[Brief descriptive captions]
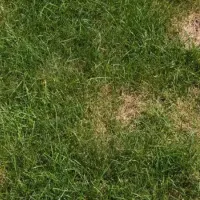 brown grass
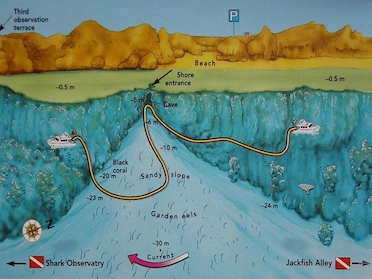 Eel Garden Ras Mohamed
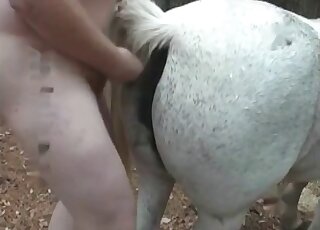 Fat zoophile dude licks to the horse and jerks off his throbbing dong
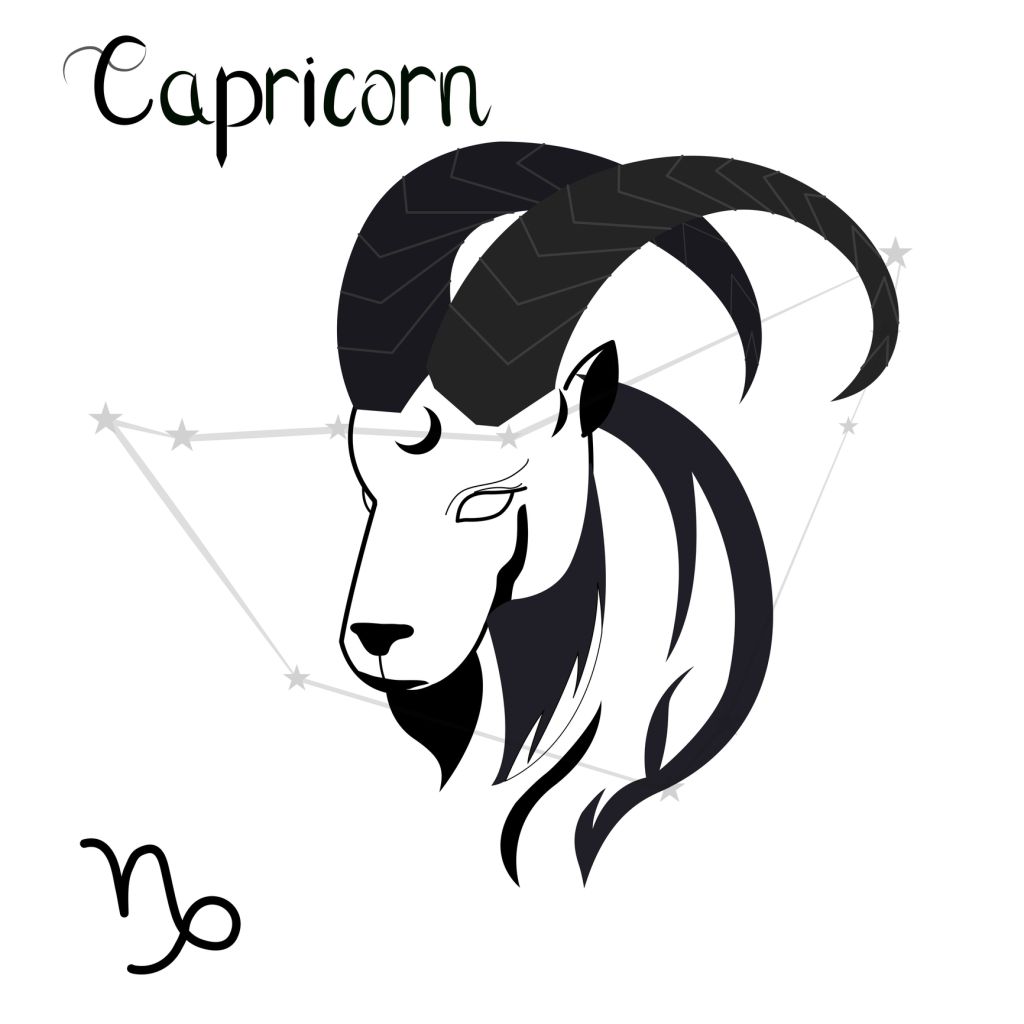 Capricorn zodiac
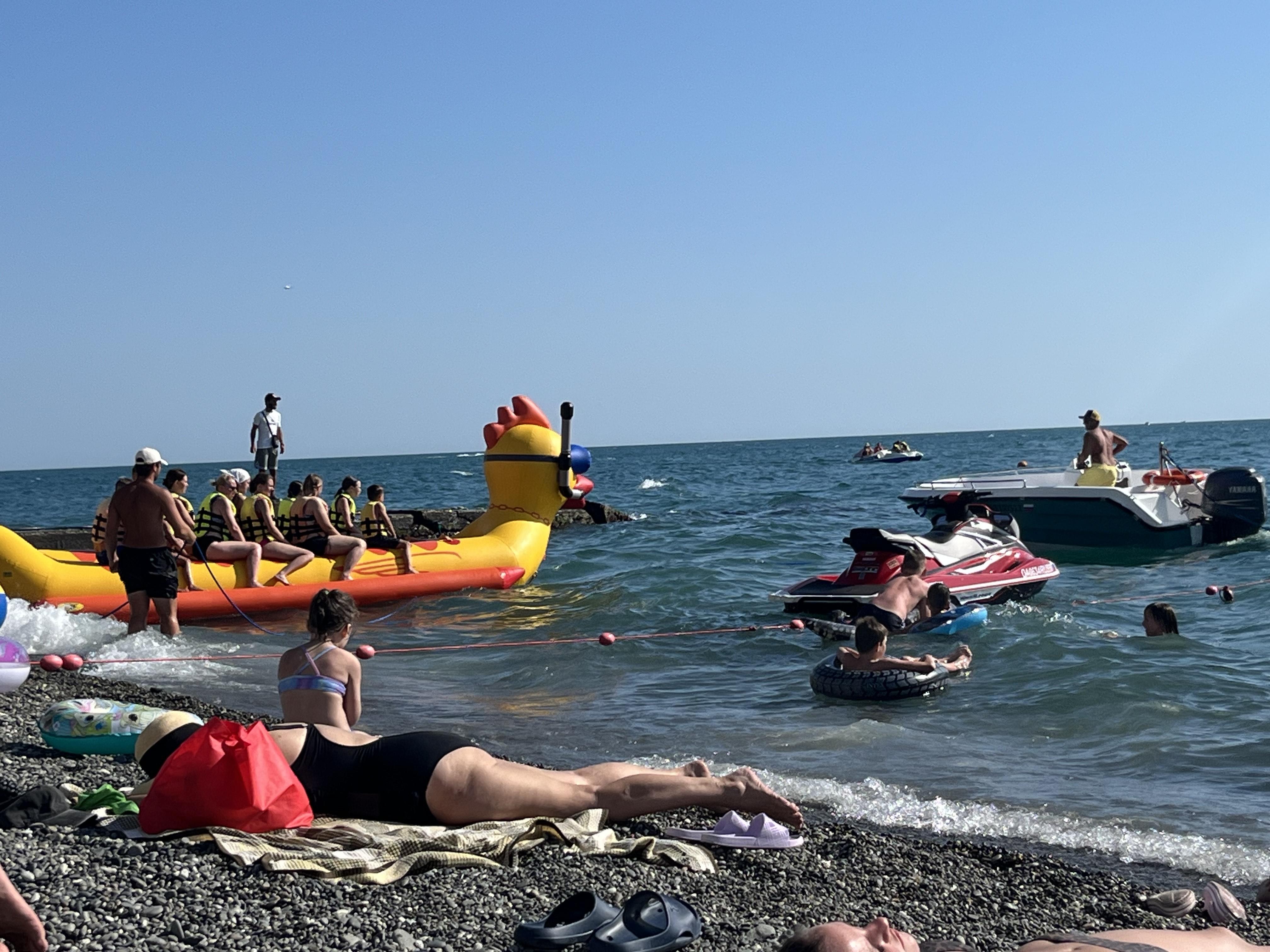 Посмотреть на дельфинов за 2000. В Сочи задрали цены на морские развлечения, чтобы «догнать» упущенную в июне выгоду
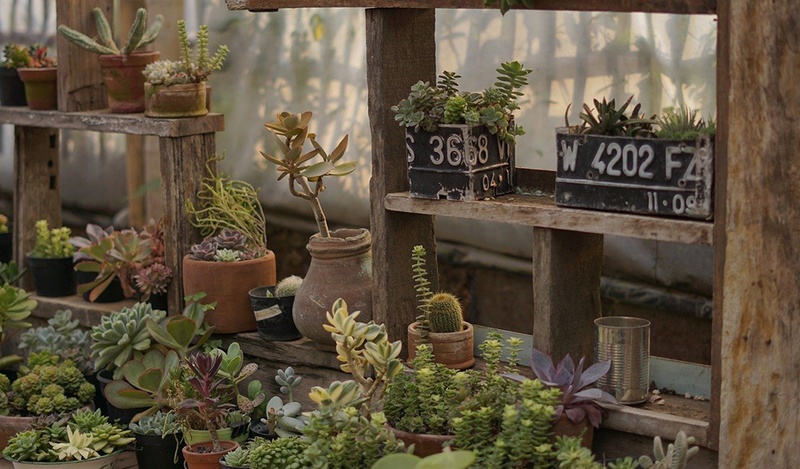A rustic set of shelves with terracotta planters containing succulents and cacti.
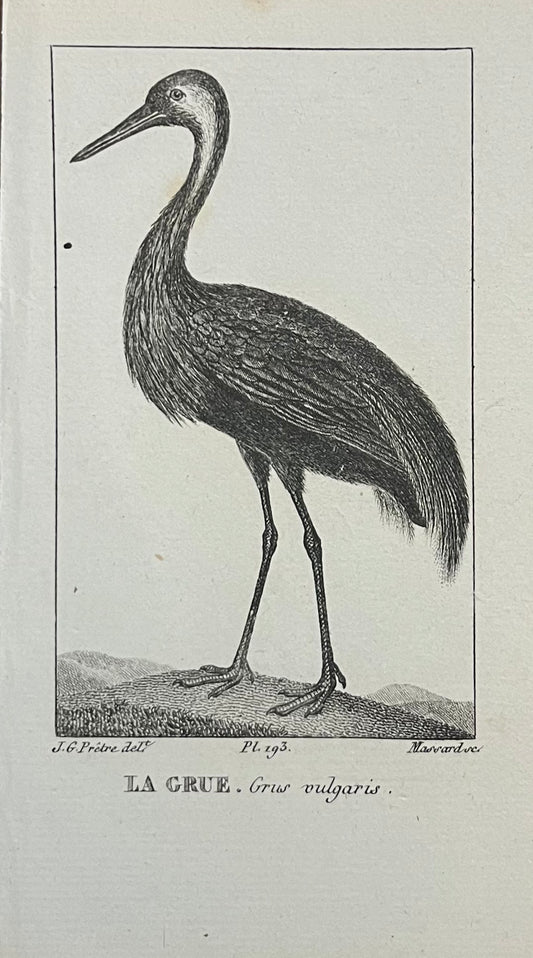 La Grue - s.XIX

▶ **What the exercise asks**:
Print the data again, word for word, without any pictures.

▶ **Solution to this exercise**:
 brown grass
 Eel Garden Ras Mohamed
 Fat zoophile dude licks to the horse and jerks off his throbbing dong
 Capricorn zodiac
 Посмотреть на дельфинов за 2000. В Сочи задрали цены на морские развлечения, чтобы «догнать» упущенную в июне выгоду
A rustic set of shelves with terracotta planters containing succulents and cacti.
 La Grue - s.XIX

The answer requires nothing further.